Uno de los principales focos de preocupación sigue siendo la guerra en Ucrania, un conflicto que, a punto de cumplir su tercer año, mantiene latente el riesgo de una escalada nuclear. Un error de cálculo o una decisión apresurada podrían desencadenar consecuencias devastadoras. A esto se suma la creciente tensión en Oriente Medio, donde la posibilidad de un conflicto a gran escala genera incertidumbre en el escenario geopolítico. Mientras tanto, los países con armas nucleares siguen expandiendo sus arsenales y reduciendo sus compromisos con los tratados de control armamentístico, lo que agrava aún más la situación.
Más allá de los conflictos bélicos, el cambio climático sigue intensificándose, con eventos extremos que afectan a millones de personas en todo el mundo. Al mismo tiempo, las enfermedades emergentes continúan amenazando la estabilidad económica y social, evidenciando la vulnerabilidad de la humanidad ante nuevas crisis sanitarias.
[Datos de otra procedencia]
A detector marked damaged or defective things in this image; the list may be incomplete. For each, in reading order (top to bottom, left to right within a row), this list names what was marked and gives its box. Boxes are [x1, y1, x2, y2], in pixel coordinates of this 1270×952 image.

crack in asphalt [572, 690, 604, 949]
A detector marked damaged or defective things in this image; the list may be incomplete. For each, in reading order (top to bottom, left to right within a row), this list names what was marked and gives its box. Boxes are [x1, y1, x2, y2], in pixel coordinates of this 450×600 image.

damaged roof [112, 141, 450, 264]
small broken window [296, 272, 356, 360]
Por otro lado, el desarrollo acelerado de tecnologías avanzadas, como la inteligencia artificial, plantea dilemas éticos y de seguridad que podrían tener consecuencias imprevistas. Todo esto refuerza la necesidad urgente de cooperación internacional para evitar que el mundo se acerque aún más a la medianoche simbólica del Reloj del Apocalipsis.

Ahora más que nunca
Frente a esta realidad, líderes y expertos instan a los gobiernos a actuar de inmediato para enfrentar las amenazas que ponen en riesgo el futuro de la humanidad. La única forma de abordar estos desafíos es mediante un liderazgo firme y una cooperación internacional efectiva. En este contexto, el expresidente colombiano Juan Manuel Santos, premio Nobel de la Paz, enfatizó la necesidad de un esfuerzo global para evitar un escenario irreversible.
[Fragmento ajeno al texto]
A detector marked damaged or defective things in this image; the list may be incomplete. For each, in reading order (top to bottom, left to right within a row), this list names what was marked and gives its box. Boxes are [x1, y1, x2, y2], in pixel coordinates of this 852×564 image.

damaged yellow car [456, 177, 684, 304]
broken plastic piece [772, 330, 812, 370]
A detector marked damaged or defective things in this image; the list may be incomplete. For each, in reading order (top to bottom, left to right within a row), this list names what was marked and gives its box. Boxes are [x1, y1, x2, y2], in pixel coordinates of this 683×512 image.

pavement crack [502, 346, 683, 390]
La situación actual es más crítica que en 1953, cuando el Reloj del Apocalipsis marcó dos minutos para la medianoche en el punto más tenso de la Guerra Fría, tras las primeras pruebas con armas termonucleares por parte de Estados Unidos y la Unión Soviética. Hoy, sin embargo, los expertos advierten que el riesgo es aún mayor debido a la combinación de conflictos geopolíticos, proliferación nuclear, crisis climática y avances tecnológicos descontrolados.
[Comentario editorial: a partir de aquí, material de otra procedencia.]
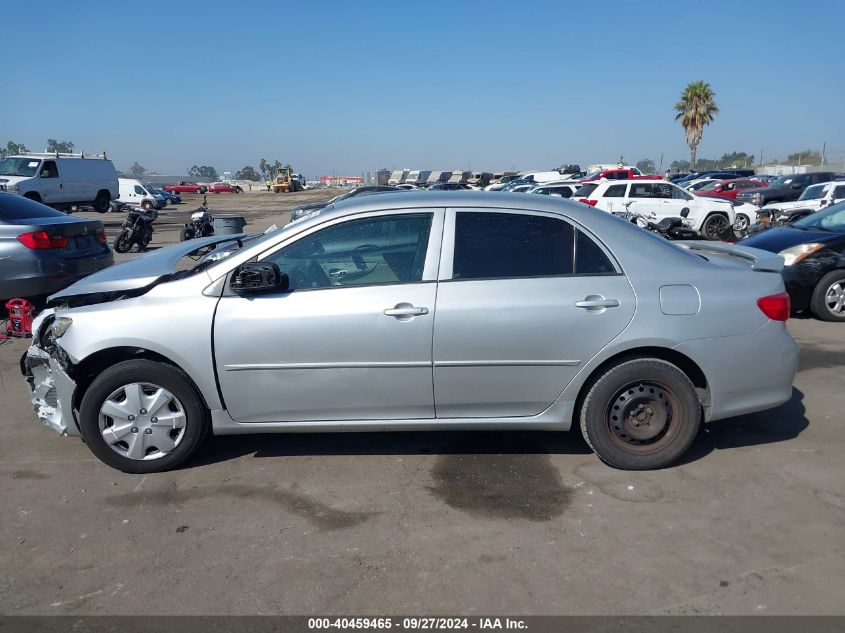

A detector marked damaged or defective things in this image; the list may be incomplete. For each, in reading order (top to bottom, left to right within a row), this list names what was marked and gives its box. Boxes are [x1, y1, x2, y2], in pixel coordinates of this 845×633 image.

front-end damage [20, 310, 81, 436]
cracked bumper [21, 344, 80, 436]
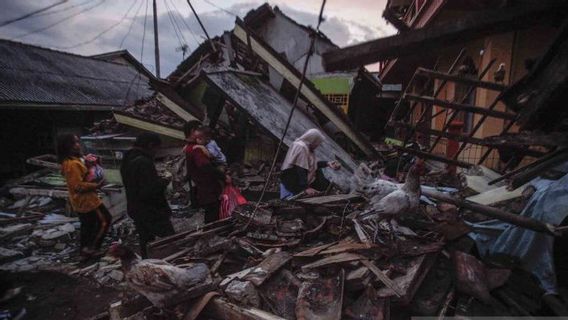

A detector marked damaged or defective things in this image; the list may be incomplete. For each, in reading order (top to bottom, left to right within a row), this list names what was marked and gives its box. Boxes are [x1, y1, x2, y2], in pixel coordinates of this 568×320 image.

broken timber [322, 3, 564, 70]
broken timber [231, 18, 378, 158]
broken timber [422, 188, 560, 235]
El Bulletin of the Atomic Scientists, fundado en 1945 con el objetivo de alertar sobre los riesgos de una catástrofe nuclear, ha contado entre sus miembros con figuras icónicas de la ciencia como Albert Einstein y Robert Oppenheimer. Desde su creación, la organización ha seguido de cerca la evolución de las amenazas globales, ajustando el Reloj del Apocalipsis como un llamado de advertencia para la humanidad.
Hoy, más que nunca, el mensaje es claro: el tiempo para reaccionar se está agotando.